» **ACTIVITY**
Make an exact copy of the entries below.

Data items
========

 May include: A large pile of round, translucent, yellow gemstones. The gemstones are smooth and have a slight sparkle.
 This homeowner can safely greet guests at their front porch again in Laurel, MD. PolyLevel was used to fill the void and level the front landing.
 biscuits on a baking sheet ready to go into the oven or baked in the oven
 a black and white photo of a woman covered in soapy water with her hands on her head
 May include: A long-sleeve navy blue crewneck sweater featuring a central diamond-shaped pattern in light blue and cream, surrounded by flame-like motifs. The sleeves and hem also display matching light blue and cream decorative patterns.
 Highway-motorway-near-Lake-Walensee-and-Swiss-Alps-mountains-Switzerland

========

» **ANSWER TO THIS EXERCISE**
 May include: A large pile of round, translucent, yellow gemstones. The gemstones are smooth and have a slight sparkle.
 This homeowner can safely greet guests at their front porch again in Laurel, MD. PolyLevel was used to fill the void and level the front landing.
 biscuits on a baking sheet ready to go into the oven or baked in the oven
 a black and white photo of a woman covered in soapy water with her hands on her head
 May include: A long-sleeve navy blue crewneck sweater featuring a central diamond-shaped pattern in light blue and cream, surrounded by flame-like motifs. The sleeves and hem also display matching light blue and cream decorative patterns.
 Highway-motorway-near-Lake-Walensee-and-Swiss-Alps-mountains-Switzerland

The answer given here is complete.